We initialize the model

[9]:
c2f.Cell2fate_DynamicalModel.setup_anndata(adata, spliced_label='spliced', unspliced_label='unspliced')
[10]:
n_modules = c2f.utils.get_max_modules(adata)
Leiden clustering ...
WARNING: You’re trying to run this on 704 dimensions of `.X`, if you really want this, set `use_rep='X'`.
         Falling back to preprocessing with `sc.pp.pca` and default params.
2023-04-20 10:52:35.613580: W tensorflow/compiler/xla/stream_executor/platform/default/dso_loader.cc:64] Could not load dynamic library 'libnvinfer.so.7'; dlerror: libnvinfer.so.7: cannot open shared object file: No such file or directory; LD_LIBRARY_PATH: /software/gcc-8.2.0/lib64/
2023-04-20 10:52:35.613727: W tensorflow/compiler/xla/stream_executor/platform/default/dso_loader.cc:64] Could not load dynamic library 'libnvinfer_plugin.so.7'; dlerror: libnvinfer_plugin.so.7: cannot open shared object file: No such file or directory; LD_LIBRARY_PATH: /software/gcc-8.2.0/lib64/
2023-04-20 10:52:35.613742: W tensorflow/compiler/tf2tensorrt/utils/py_utils.cc:38] TF-TRT Warning: Cannot dlopen some TensorRT libraries. If you would like to use Nvidia GPU with TensorRT, please make sure the missing libraries mentioned above are installed properly.
Number of Leiden Clusters: 137
Maximal Number of Modules: 157

Louvain clustering seems to give an excessively large number of clusters in this dataset, so instead choose number of modules, based on number of annotated clusters times 1.15:

[11]:
n_modules = 12
[12]:
mod = c2f.Cell2fate_DynamicalModel(adata, n_modules = n_modules)

Training the model:

[13]:
mod.train()
GPU available: True, used: True
TPU available: False, using: 0 TPU cores
IPU available: False, using: 0 IPUs
LOCAL_RANK: 0 - CUDA_VISIBLE_DEVICES: [0]
Epoch 500/500: 100%|██████████████████████████████████████████████████████████████████████████████████████████████████████████████████████████████████████████████████████████| 500/500 [22:54<00:00,  2.75s/it, v_num=1, elbo_train=1.28e+6]

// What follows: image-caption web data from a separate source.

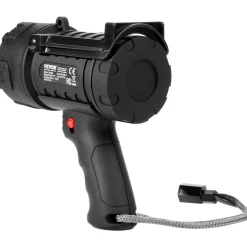 VEVOR Rechargeable Spotlight Flashlight, 200,000 Lumens, IP67 Waterproof Handheld LED Spot Light, Super Bright Portable Searchlight with 4 Modes Detachable Lens USB Port, for Hunting Boating Camping
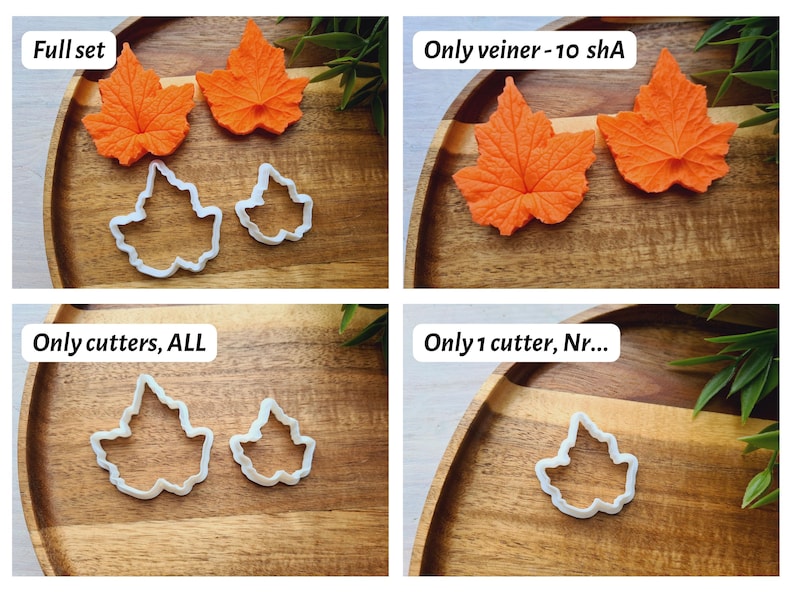Puede incluir: Cuatro bandejas de madera con diferentes juegos de cortadores de galletas con forma de hoja y decoraciones de fondant con forma de hoja naranja. El texto "Full set", "Only veiner - 10 shA", "Only cutters, ALL" y "Only 1 cutter, Nr..." es visible en las bandejas.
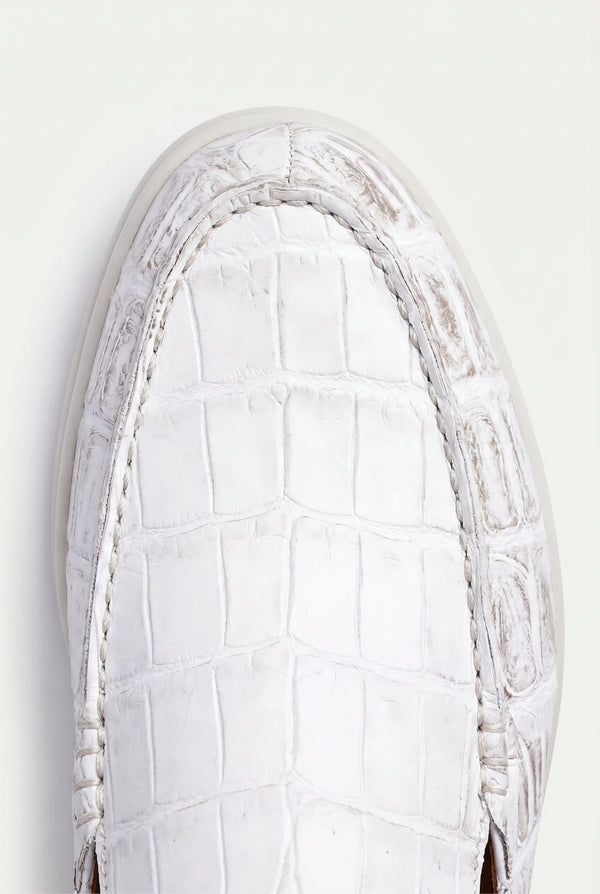 Yacht Mule Nubuck Crocodile White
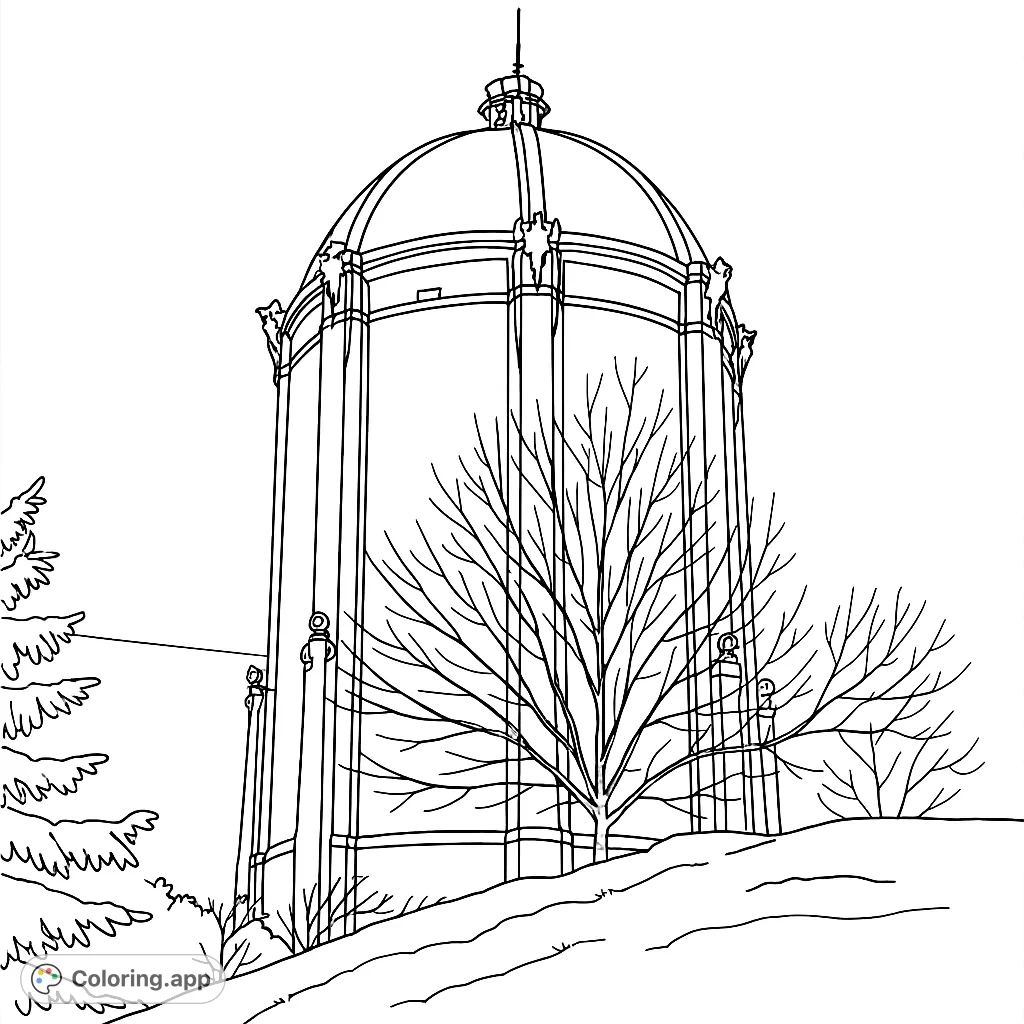 Color a grand domed tower with intricate architectural details, framed by a bare winter tree and rolling hills. A free printable architectural coloring page.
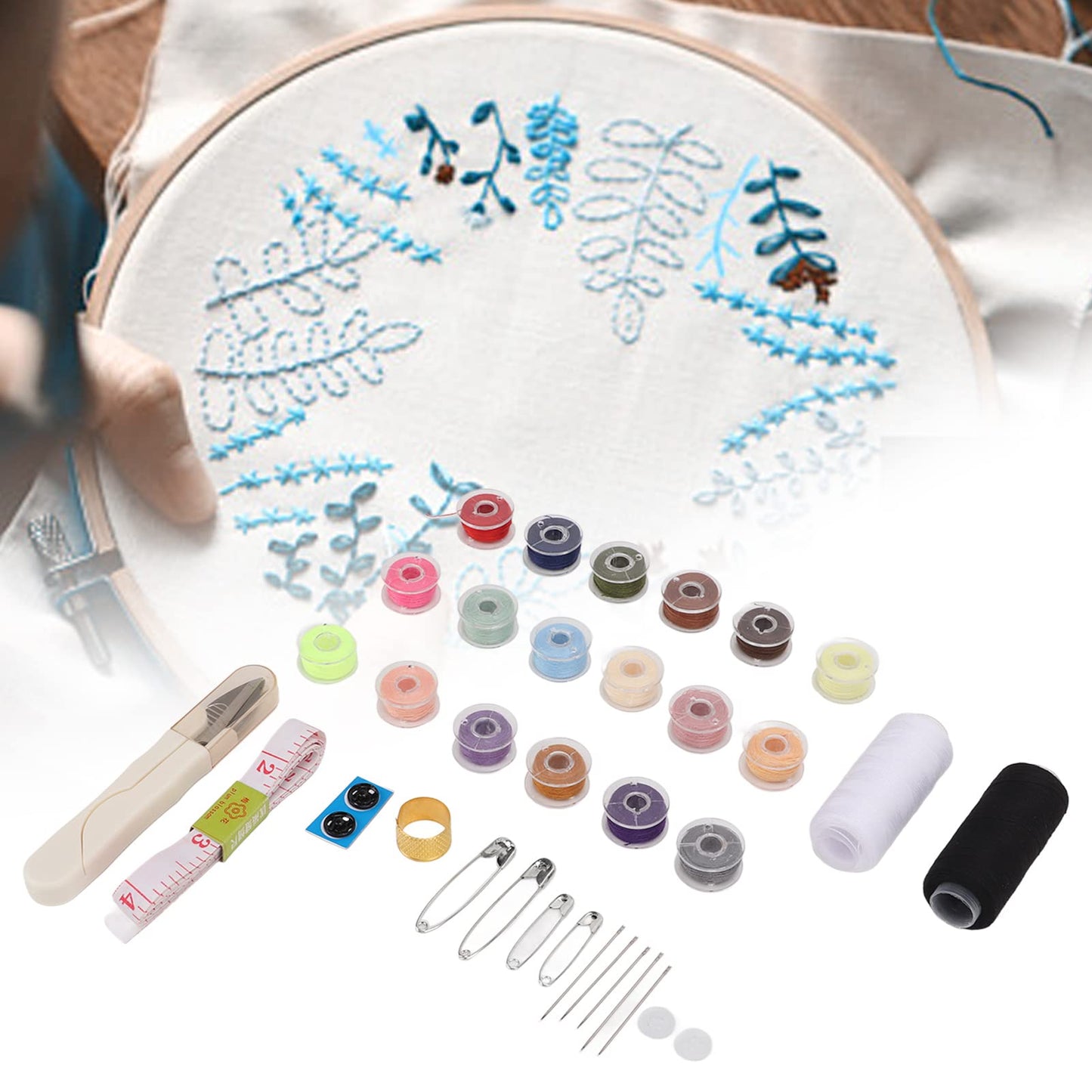 Mini Sewing Kit Portable Travel Small Needle and Thread Kit Sewing for Basic Repairs Plastic Polyester 1 Set Light, Space Saving Sewing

Exporting relevant model parameters to the anndata object:

[14]:
adata = mod.export_posterior(adata)
sample_kwargs['batch_size'] 9359
Sampling local variables, batch: 100%|█████████████████████████████████████████████████████████████████████████████████████████████████████████████████████████████████████████████████████████████████████████| 1/1 [00:34<00:00, 34.56s/it]
Sampling global variables, sample: 100%|█████████████████████████████████████████████████████████████████████████████████████████████████████████████████████████████████████████████████████████████████████| 29/29 [00:24<00:00,  1.18it/s]
Warning: Saving ALL posterior samples. Specify "return_samples: False" to save just summary statistics.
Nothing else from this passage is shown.